1 R : vous avez vu le mât de Saint-Chamond là/
2 M : Ridicule
3 X : ah la levée du mât de Saint-Chamond oh là là
4 Al: le RIDICULE RIDICULE (.) le mieux c’est le nôtre quand même vachement tu vois là ils ont du mal
5 M : le truc d’amateurs
6 X : là fait avec deux bouts de bois
7 Al: (rit)
8 An: tu sais nous là nous notre la croix notre croix X que ça fait croix ça fait trop croix gammée là
9 Ma: mais non
10 M : mais NO:n
11 Al: il faut PAS t’sais
12 M : mais no:n
13 X : non quand même
14 Al: pas du tout
15 R : ah c’est sûr qu’on est tous devant alors on ne voit que ça
16 Al: on ne voit que ça mais c’est parfait

Cet extrait témoigne d’une manière limpide de l’interdépendance entre les stratégies de valorisation et de dévalorisation. Par une question rhétorique le chef invite les scouts de sa troupe à se moquer du mât hissé par la troupe de Saint-Chamond (1). La réaction des garçons exprime leur dépréciation, rendue par divers moyens langagiers. Tout d’abord, ils utilisent l’adjectif « ridicule » pour qualifier la construction des autres scouts. Pour insister encore, ils soulignent l’adjectif par une intonation très expressive et le répètent (2, 4). L’interjection « oh là là » (3) renforce leur jugement critique. De plus, ils trouvent d’autres images dévalorisantes pour caricaturer le mât : « truc d’amateur » (5) et critiquer sa construction et son apparence « fait avec deux bouts de bois » (6). Finalement, c’est par un rire que la dévalorisation s’achève.
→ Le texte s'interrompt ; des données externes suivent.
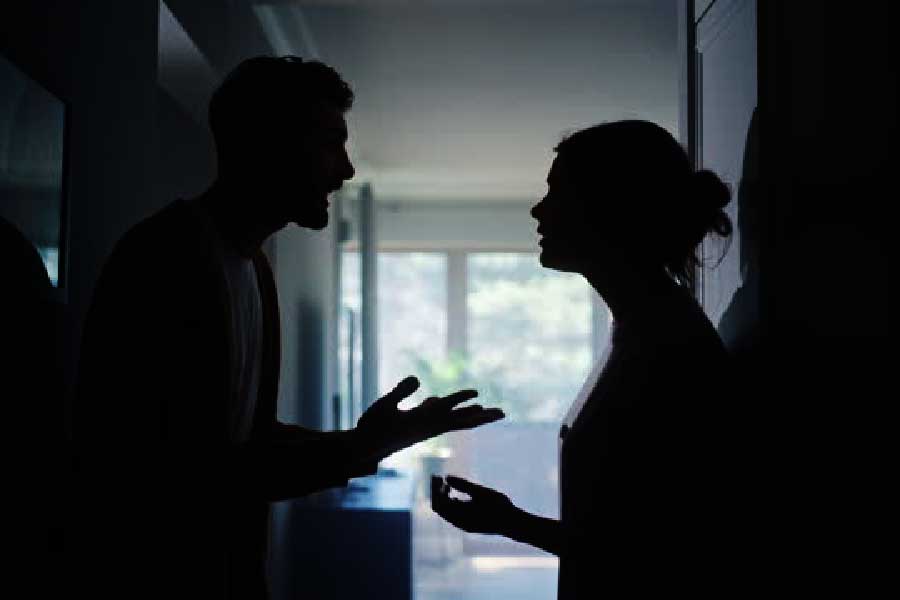 পুলিশ সূত্রে খবর, গত ৫ নভেম্বর ভাড়াবাড়িতে কবিতাকে ডাকেন আবু, সে সময় কাজে বেরিয়েছিলেন স্বপ্না। সে দিন কবিতা ও আবুর মধ্যে ঝগড়া হয়। তার জেরেই কবিতাকে শ্বাসরোধ করে খুন করেন বলে অভিযোগ উঠেছে আবুর বিরুদ্ধে। খুনের পর দেহ টুকরো টুকরো করে কাটার পর বাড়ি ছেড়ে পালিয়ে যান ওই যুবক।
En même temps, cette stratégie encourage les scouts à attirer l’attention sur leur propre valeur, mesurée par rapport aux autres (4). La défense de leurs exploits est d’autant plus vive lorsqu’un membre de la patrouille met en question leur mât (8). Cette critique qui vise leur propre groupe est immédiatement et vivement rejetée : moins par des arguments que par l’expression d’une grande indignation : des énoncés très brefs, très expressifs, sans aucune ambiguïté et pourtant répétés six fois (9-14). Seule une brève explication, qui n’approuve pas non plus la critique, mais qui essaie de la comprendre, aborde le contenu de celle-ci. Néanmoins, cette concession est rapidement balayée et commentée par « c’est parfait » (16). La discussion reprise dans cet extrait exprime clairement la conviction que les scouts ont de leur propre réussite : d’un côté, ils se félicitent implicitement en ridiculisant un autre groupe ; d’un autre côté, ils défendent avec énergie leurs propres exploits. Une valorisation de leur propre groupe enchaîne alors rapidement une dévalorisation d’un autre. Cet aspect sera approfondi dans un sous-chapitre qui discutera plus en détail le positionnement des scouts par rapport à d’autres groupes sociaux.

Je vais à présent montrer une autre forme de valorisation à travers la question de savoir dans quelle mesure les événements vécus ensemble par les scouts jouent dans la constitution de leur identité un rôle essentiel, en prenant place dans une forme de narration.

Notes
115.

Pour plus de détails sur le système de la patrouille voir chapitre 2, La patrouille.

116.

Voir plus haut dans ce chapitre 4, L’identification explicite.